The noise of shredding wood, of architecture giving way, filled the water the same way Happyface's voice had done. But where his words had brought dread, the mechanical tone the sound of a demon spawned from a nightmare Hell, this sound made Rob's heart leap. He looked to where Aaron had managed to get his pry bar into the seal between the hall door and the frame.
Another crack as he pulled to one side. Then a third as he reversed the motion.
And then the door seemed to explode. Rob was jerked toward the opening with all the force that fifty thousand gallons could exert. He hit Kayla on the way out, her head spinning into the doorframe with a dull thock that could only barely be heard over the rush of the water.
Then he was out.
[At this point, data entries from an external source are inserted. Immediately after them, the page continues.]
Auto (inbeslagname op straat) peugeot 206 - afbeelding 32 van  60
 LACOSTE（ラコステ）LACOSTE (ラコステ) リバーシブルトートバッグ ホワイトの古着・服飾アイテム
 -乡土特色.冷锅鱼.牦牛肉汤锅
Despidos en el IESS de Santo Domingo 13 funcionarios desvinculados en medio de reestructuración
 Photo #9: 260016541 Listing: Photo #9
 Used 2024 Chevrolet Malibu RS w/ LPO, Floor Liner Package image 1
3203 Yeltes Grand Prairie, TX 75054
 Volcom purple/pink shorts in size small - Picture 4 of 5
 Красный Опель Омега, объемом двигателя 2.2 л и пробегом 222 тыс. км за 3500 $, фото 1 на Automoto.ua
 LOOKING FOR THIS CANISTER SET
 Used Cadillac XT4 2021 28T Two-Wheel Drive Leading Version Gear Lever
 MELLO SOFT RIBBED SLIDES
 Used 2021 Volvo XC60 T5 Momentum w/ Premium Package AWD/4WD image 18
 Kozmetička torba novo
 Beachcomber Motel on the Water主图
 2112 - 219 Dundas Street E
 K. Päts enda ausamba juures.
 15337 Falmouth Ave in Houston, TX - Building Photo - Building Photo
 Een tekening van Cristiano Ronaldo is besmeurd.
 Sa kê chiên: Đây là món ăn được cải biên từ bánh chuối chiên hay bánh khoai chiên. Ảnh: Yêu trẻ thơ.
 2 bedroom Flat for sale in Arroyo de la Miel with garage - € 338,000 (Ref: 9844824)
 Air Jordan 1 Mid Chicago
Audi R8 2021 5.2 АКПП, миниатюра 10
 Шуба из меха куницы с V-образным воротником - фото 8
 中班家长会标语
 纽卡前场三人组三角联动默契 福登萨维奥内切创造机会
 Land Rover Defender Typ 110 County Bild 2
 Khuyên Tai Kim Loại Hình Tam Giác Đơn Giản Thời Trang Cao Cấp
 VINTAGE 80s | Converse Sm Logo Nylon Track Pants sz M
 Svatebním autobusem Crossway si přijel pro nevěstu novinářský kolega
Into the hall, water still coursing around him, then streaming, then trickling. He coughed, water exploding from his nose and dripping off his clothes, from his hair.
The joy of escape quickly turned to fear. "Where's my gun? Where's my gun?" he asked, scrambling around on hands and knees, swishing through water that still rained from the bathroom, waiting to hear the snuffle and growl of the giant dogs that had driven them into the beginning of this house of traps.
No. The beginning was the moment we stepped in the house.
Kayla spoke, addressing the fear that drove him to scramble around on hands and knees. "Where are the dogs?"
Rob stopped moving. Listened. There was only the low gurgle of the water. Then even that was gone. The water still trickled past, but it was silent and above the nothing-sounds he could hear no dogs, no growls, no sounds of death on four legs.
Kayla stood. She weaved on her feet, still shaking off the effects of a near-drowning. But hope shone in her eyes. The obvious belief that, having beaten certain death by drowning, she could make it out.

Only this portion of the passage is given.